Por Maximiliano Crespi para Radar Libros
Entre la parodia y el grotesco, Scalabritney aborda la frivolidad demostrando con hidalguía que se lo puede hacer sin ser, precisamente, frívolo.
Hay algo en el discurso de la frivolidad que resulta fascinante. No es, claro, su insolente disposición a hablar con desparpajo a la vez sobre asuntos complejos y banales, salvando con clichés todo nudo problemático. Lo fascinante es el vértigo con que se suceden, indiferentes, sus cambios de tema, en una arrolladora y tibia huida hacia adelante. La ficción de la frivolidad (que no tiene que ser obligatoriamente frívola) sigue un cauce de pensamiento leve (pero no por ello débil), serpentea frente a los obstáculos y cambia de curso de manera dúctil ante los accidentes de superficie. No elige los cambios; se deja llevar más bien por un impulso de apariencia neutra que la excede. Se abandona a esa “fuerza poética natural” que le permite evadir contradicciones, fantasmas, detalles y lapsus: lo ínfimo, tras lo cual asoma el rostro insoportable de lo real. En ese paso de baile aprensivo y etéreo –sobre el cual César Aira fue capaz de elaborar una obra de mérito incuestionable– se despliega la nouvelle de Martín Zícari.

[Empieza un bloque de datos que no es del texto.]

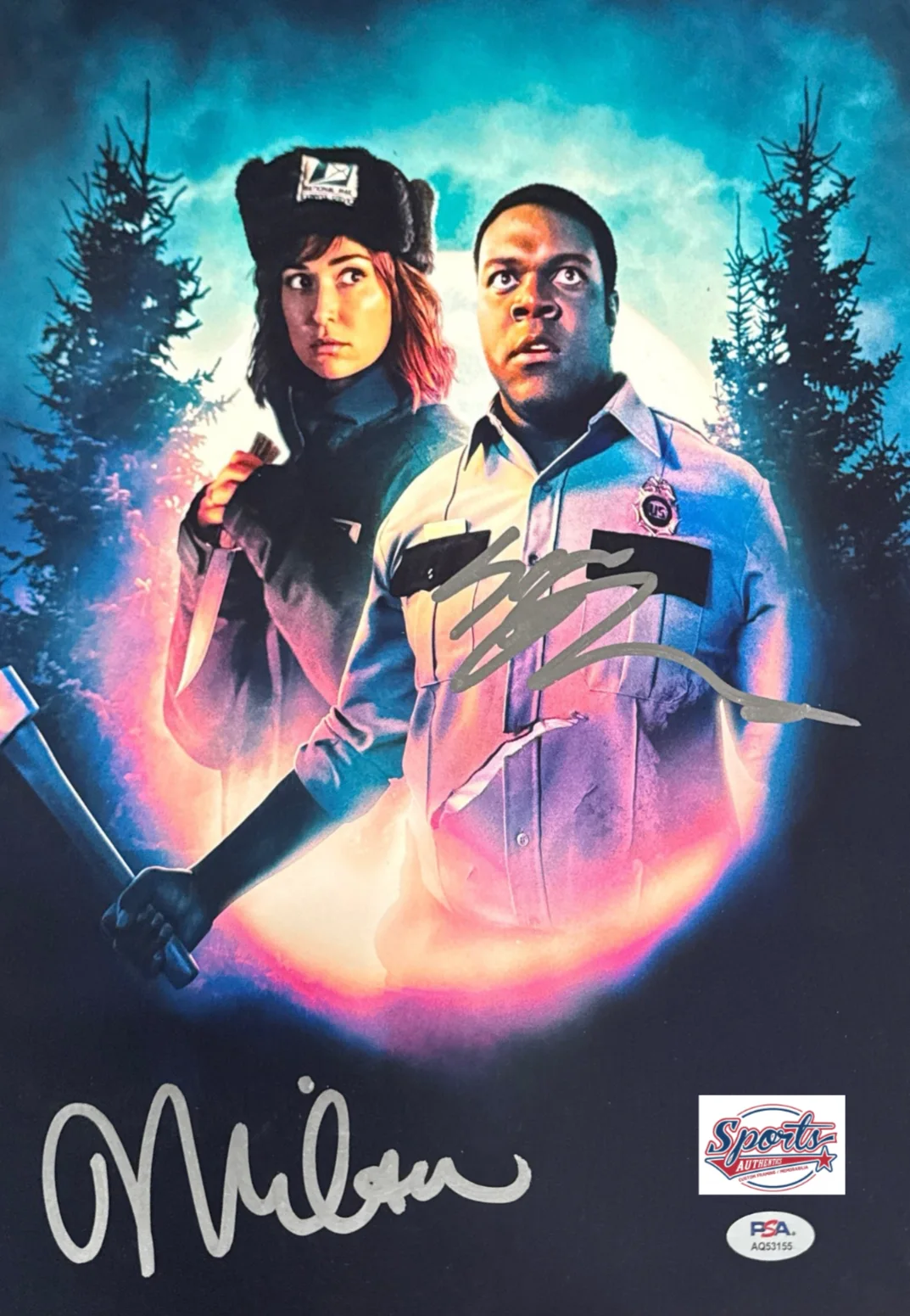 Sam Richardson — Milana Vayntrub & Sam Richardson Signed 11x14 Werewolves Within Photo PSA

La consistencia del semblante poético de Scalabritney no se apoya en la desidia de su adjetivación, radica ante todo en la sintaxis con que reproduce el flujo metonímico por el cual la narración avanza sobre una trama intrascendente, arrancando nuevas frases a frases que parecían agotadas en su monotonía y su banalidad. Partiendo tan sólo de un puñado de escenas, que no llegan más que a ser superficialmente hostiles, el relato se articula así sobre digresiones de evasión que rozan lo delirante (un sueño, una alucinación, una película de terror, un recuerdo, todo es distorsionado y transformado por la imaginación). La distinción no es siempre tangible. No porque todo se plantee bajo un mismo punto de vista, sino porque entre la percepción de lo “real” y lo imaginario no median diferencias en el orden de la ficción. Y es por eso que, más que el relato, lo que gradualmente se convierte en el centro neurálgico del texto es la imaginación sobreactuada de un personaje cuya existencia oscila entre la ingenuidad espontánea y la ridiculez. Más que lo que se dice, lo que importa es quién habla. En la recreación de esa voz y ese imaginario particular, el flujo discursivo adquiere en efecto –como ocurre a veces en Puig– un carácter casi performativo.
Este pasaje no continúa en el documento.